What the light reveals by Mick McCoy
Transit Lounge Publishing, 2018. ISBN 9780995409873
Mick McCoy details the everyday lives of an Australian couple who,
having refused to hide their dedication to communism in the middle
years of the 20th century, conclude that the only way they can find
work, given their unacceptable beliefs and commitment, is to move to
the USSR. His narrative is realistic, true to its time and place, I
believe, both in climate and in the descriptions of the everyday
lives of the Russian people. That the majority of Russian people
were better off under the rule of communism, even with its attendant
hardships, than they had been previously, is a given in this
narrative, at least for that period in history.
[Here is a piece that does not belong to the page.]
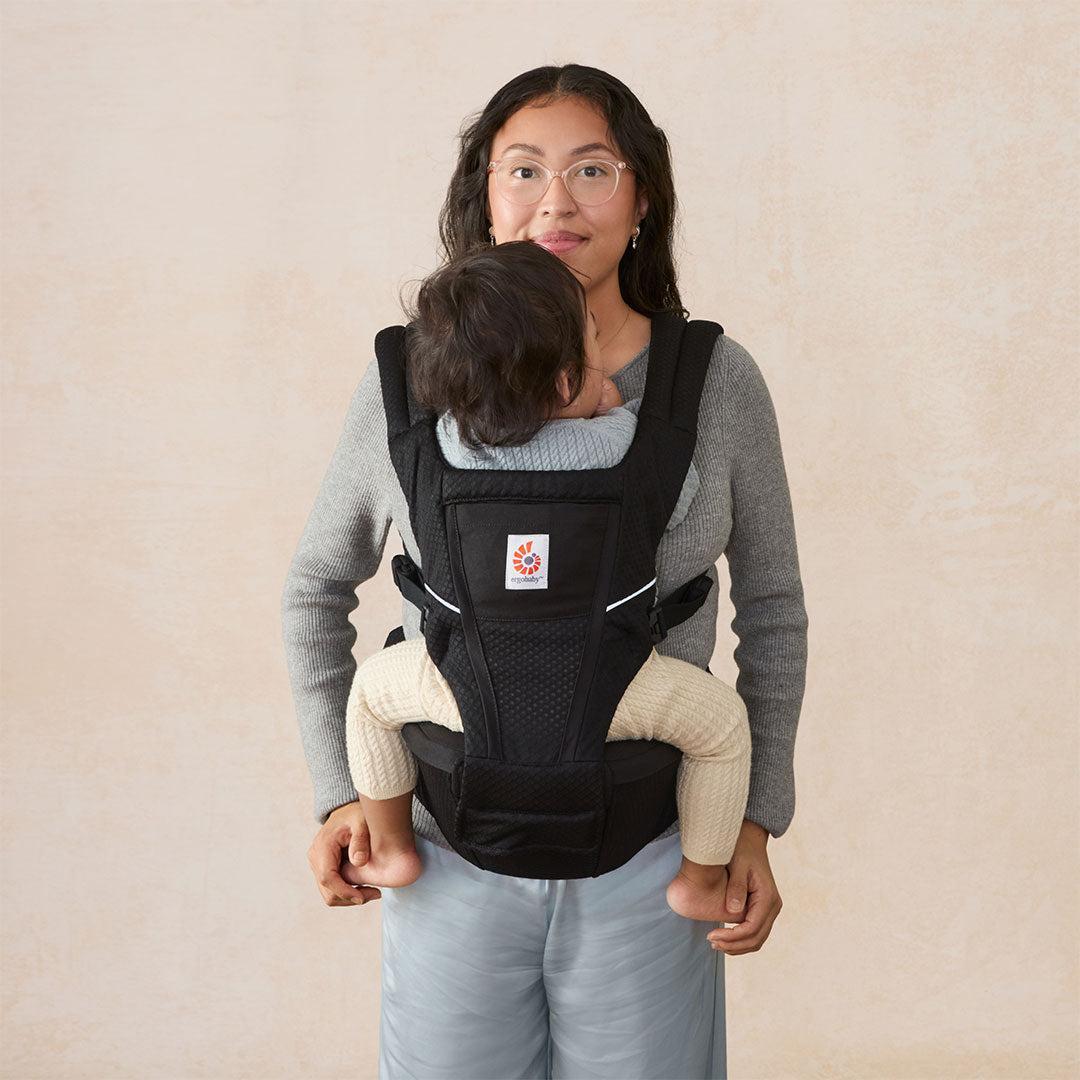 Ergobaby Alta Hip Seat - Onyx Black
Mick McCoy has written his work to reflect both the aspect of strong
political and personal beliefs, and that of the lived reality of the
time, in his clear descriptions of the deeply challenging decision
to move to live in a foreign country at such a time in history - and
to a place with such a harsh winter climate. Yet we are aware of the
sustaining force of the parents' strong beliefs in the rightness of
their decision, and of their love for their two children. While both
are challenged, their faith in the deep truths of communism and
their love for their family, sustains them. The inevitable
frustration of living in a place where all residents must live
harmoniously in their little apartments, following the ideals of
communism, where they, like all others, will be watched daily, spied
upon for any slight mistake against the communal ways, or even a
slight error in judgement, takes its toll. In this fine work,
McCoy's 'light' does indeed reveal the reality of the time and
place, and of the lives of people such as this family.